_STORED DATA_

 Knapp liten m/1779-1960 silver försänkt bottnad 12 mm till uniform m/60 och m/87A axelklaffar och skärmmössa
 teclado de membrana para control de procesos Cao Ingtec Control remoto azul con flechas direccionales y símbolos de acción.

* * *

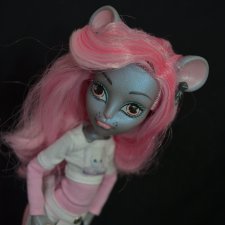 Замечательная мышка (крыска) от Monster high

* * *

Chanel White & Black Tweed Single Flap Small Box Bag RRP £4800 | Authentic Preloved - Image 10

_WHAT THE TASK ASKS_
From the records above, transcribe exactly the run of lines that opens with the line holding "Knapp liten m/1779-1960" and closes with the line holding "teclado de membrana", both included.

_ANSWER_
 Knapp liten m/1779-1960 silver försänkt bottnad 12 mm till uniform m/60 och m/87A axelklaffar och skärmmössa
 teclado de membrana para control de procesos Cao Ingtec Control remoto azul con flechas direccionales y símbolos de acción.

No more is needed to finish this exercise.